The other sector that is expected to suffer as a result of travel restriction and loss of incomes across the world is the tourism and the hospitality sector. The United Nations World Tourism Organization (UNWTO) estimates that 20 to 30 percent sharp falls to the world tourism markets. And, the impact is set to linger for the coming three to six months, as Berhane explains. Along with this, the aviation service – predominantly the Ethiopian Airlines - is also taking a hit with 550 million dollars loss in revenue. Ethiopian is shifting to cargo and currently flies to 19 destinations with less frequency which is a significant reduction from 127 destinations it used to fly amidst travel restrictions. Generally speaking 20,000 firms could be affected following the coronavirus outbreak, as Berhane predicts. On the other hand, this could restrain the finance sector, which is already struggling with liquidity crisis, as a result of nonperforming loans and other hindering factors.

As COVID-19 continues to spread, it is also setting endogenous effects leading to a huge disruption of economic activities that could threaten the livelihoods of millions of citizens. On a mid-level scenario, 1.4 million jobs are estimated to be lost because of the disease as Ephrem Tekle (MD), Job Creation Commissioner has revealed speaking on the same webinar organized by Precise Consult International. If the spread of the virus continues for the coming six months this number is likely to double. Currently, there are 1.9 million self-employed people within the urban economy, susceptible of  impacts COVID-19 could cause. Accordingly, when such pushes further comes to be a reality, they are doomed to fall under the poverty line. All these economic crises coupled with reduction in remittance and FDI inflows are expected to set country’s economy back from its positive natural growth. For couple of years, the country has been registering a broad based economic growth that helped to list Ethiopia as one of the fastest growing economies in the world.

In order to reduce this gigantic economic fallout governments need to consider measures outside of the traditional economy crisis responding box, as states Abebe Aemro-Selassise, director of the IMF Africa Department. Instead of simply injecting money to the economy that could back fire later, experts advise that it would be wise to have selective policy responses and work closely with international organizations including the IMF and World Bank, Abebe added. Following suit, the government of Ethiopia is implementing various strategies to contain the economic fallouts. Provision of direct credits, postponing debt payments, waiving taxes are some of the proposed measures by the government to support and stimulate firms stay in business and ensure the livelihoods of many citizens as stated Ephrem. As these mitigating measures are underway to help the recovery of the economy, the government is also working on, to further introduce stimulation packages as Eyob Tekalign (PhD) state minister of Finance has indicated during the webinar Plausible tax incentives are to be introduced so that firms could maintain jobs during the pandemic.

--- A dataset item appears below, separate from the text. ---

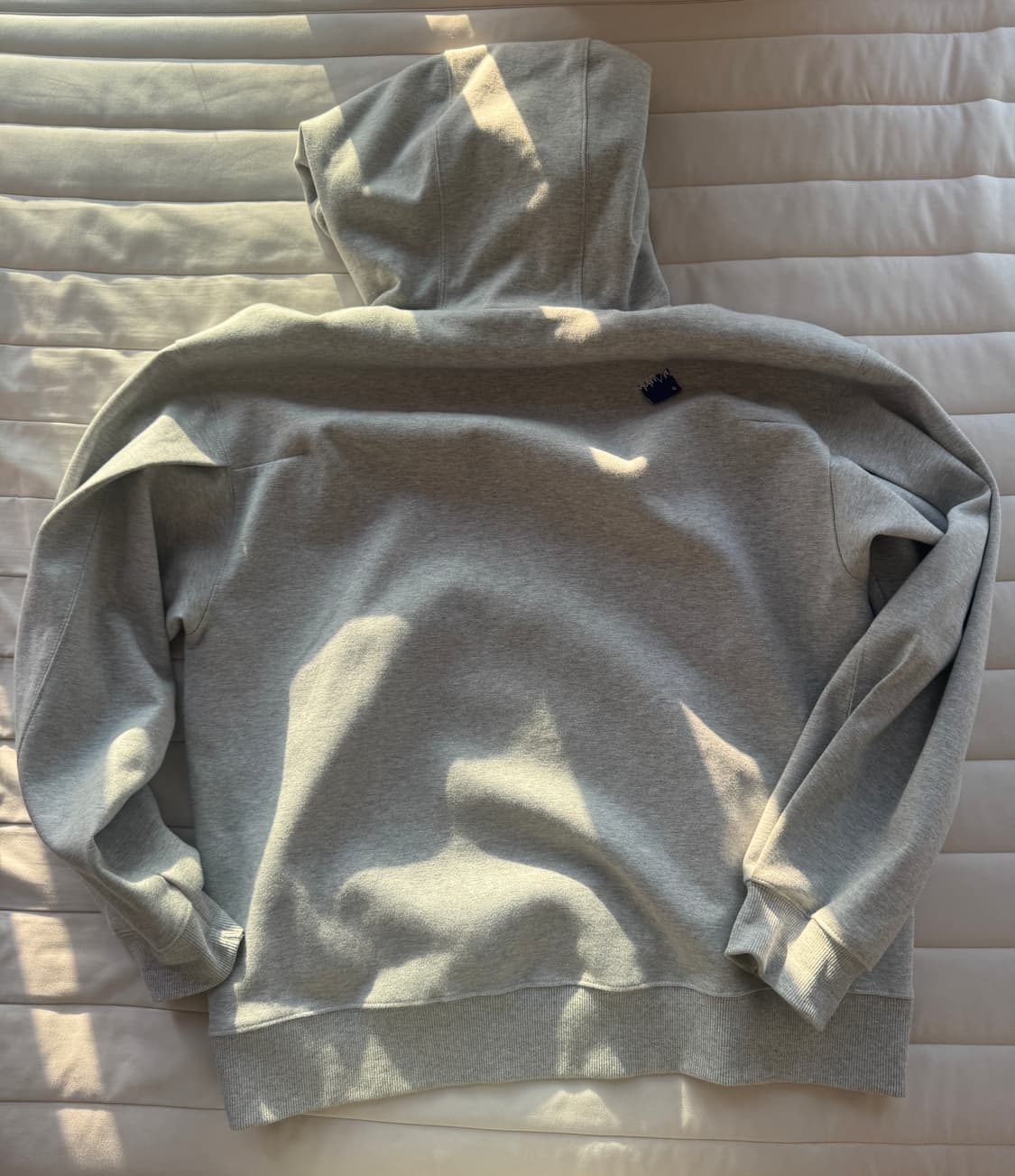 자라 x 아더에러 자수 후드 스웨트셔츠 그레이 상품이미지2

Nevertheless, the economy crisis is not limited only on specific sectors; as economic fallouts could strain relationships between government and citizens and that could lead to political tension and disorder. This could prove to be challenging especially, when security forces are overstretched. , This is  one of the volatile issues that need to be dealt cautiously.

Although there seems to be countless fallouts coronavirus pandemic could cause on African countries, the continent is advised to use the opportunity and  make some structural changes, says Abebe. For instance, this could be a time for countries to change their trade patterns with Europe, USA and China by diversifying and strengthening their manufacturing sector that would enable them to be less exposed to external shocks in the future, he concludes.